Wednesday, November 16, 2005

Harbours and Mines - Cornwall - Day 12

We zip over the hill to Penzance, and immediately are drawn into the classic Cornish landscape: heathy hill with roofless engine house and chimney stack. Cripplesease, if memory serves. Penzance it is, and Newlyn just around the corner. Being on the sheltered side, the harbours in these two towns house the remnants of the Cornish fishing industry. Charming and a little sad. On round the corner to Mousehole (Mowzel) of book fame. Mowzel harbour's tiny entrance is boarded up for the winter, although this hasn't stopped the recent Channel storm from filling the harbour with quite a bit of weed. A bendy fish purchase - a toy/artwork that just glowed at us from the shelf.

Back to Newlyn and Penlee House for Cornish history and art: another find on the artistic front: Charles Simpson, especially the sea-bird paintings, especially the gouache and watercolours. Penlee house has a very good potted history of Cornwall: a very old region with a rich archaeological heritage and the exhibits were succinct, informative and just very well done. So many musuems succumb to the dumbing-down of such sequences, either for the perhaps laudable objective of appealing to school parties, but usually (one suspects) because of a jaundiced view of the average punter's IQ and attention span. Not Penlee. Thoroughly recommended.

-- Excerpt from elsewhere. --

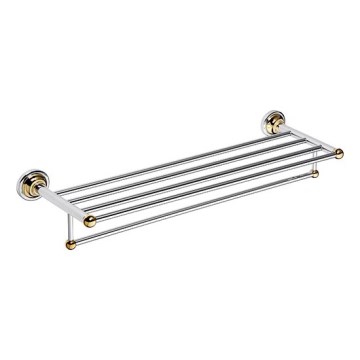 Handdukshållare 66,5 x 12 cm silver/guld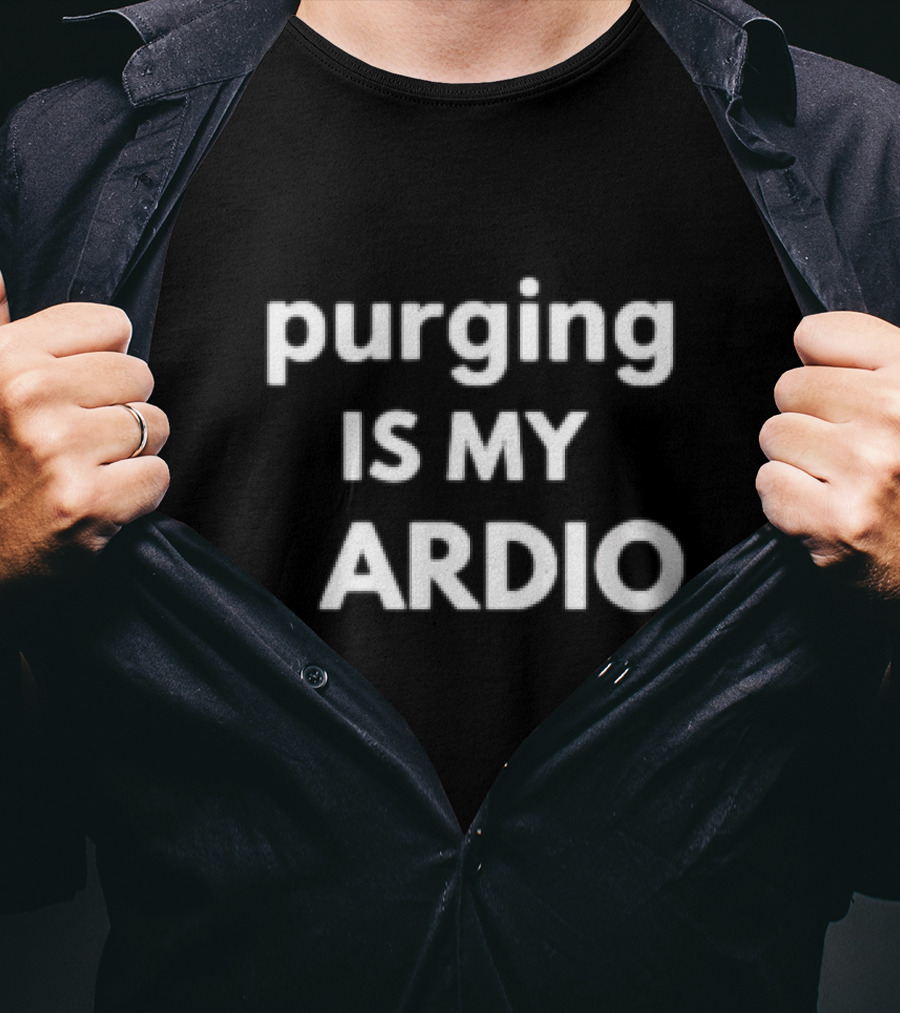 Purging Is My Cardio Fitness Humor T-Shirt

On to Pendeen and the mines section. The weather is by now closing in, and so straight to the National Trust restored beam engine at Levant. Just after a school party has gone, mid-afternoon. The resident custodian tells me that the place is actually closed, but that the engine-house is open. I have a little wander round - a typical mining layout with a skip shaft for ore and tailings, a miner's ladder which goes down 320 fathoms - that's almost 2000 feet... and the beam engine itself which wound the cars up and down the skip shaft. The miners had a man-engine - a moving beam which lifted them 10-12 feet at a time - but that went down only 266 fathoms and the rest - around 400 feet - was climb the ladders. And all on your own time, in the dark...

After 15 minutes or so, the custodian comes in to see that I haven't fallen down a shaft, and then says that there's still 70 psi in the boiler, and maybe he can run up the beam engine. Why not? He unlocks the regulator, and after a little bit of coaxing (while the vacuum in the unused part of the cylinder builds up and helps things) the 1840 Cornish Beam engine spins up to full tilt of 60 rpm or so. Very quiet, unfussed, and that magic smell of steam and oil. After 5 minutes or so, steam pressure is dropping so my private show runs down quietly and he packs it away, stopping it at exactly the right spot to get it started again tomorrow. The flywheel is well out of true, relic of an 1860 accident where the unregulated engine spun out of control and fired the 14 foot diameter wheel, in several pieces, through the top of the engine house, and was subsequently repaired and ran on until 1930.

The mine itself ran out 1.25 miles under the Atlantic, was around 320 fathoms deep (1 fathom = 6 feet) and the main tramming level, which took out the ore in mine tubs, was around 240 fathoms. Staffed by 400 men, boys and pit ponies for the tramming, that far under the sea. Climbing ladders in the dark after a shift, picking out the rich but narrow ore veins by hand (hence the boys, who fit into narrower spaces) and denuding Cornwall of trees for pit props.

Tin/copper (indeed, all) mining was and is a notoriously boom and bust business, and the reason for all those glorious engine house remains everywhere in the mineral belt, is that the boom collapsed suddenly. Gold rushes in New Zealand and California mopped up a lot of the resulting miner diaspora, and Cornwall now remains unmined, full of gently decaying relics, still with very few trees, but an utterly ancient, bony, enduring landscape.

Back on the B-for Back road to St Ives, and through one of the ancient standing-stones areas around Zennor (love the names). Only 9 miles, but through these old, narrow lanes, it feels like 20. Road, as usual, goes through the middle of farmyards, abhors straightness (only the Romans did straight, it seems), and varies from 10 to 25 feet wide, between little stone walls. No place to pass, sight-see or daydream while driving. Love every second of this sort of travel.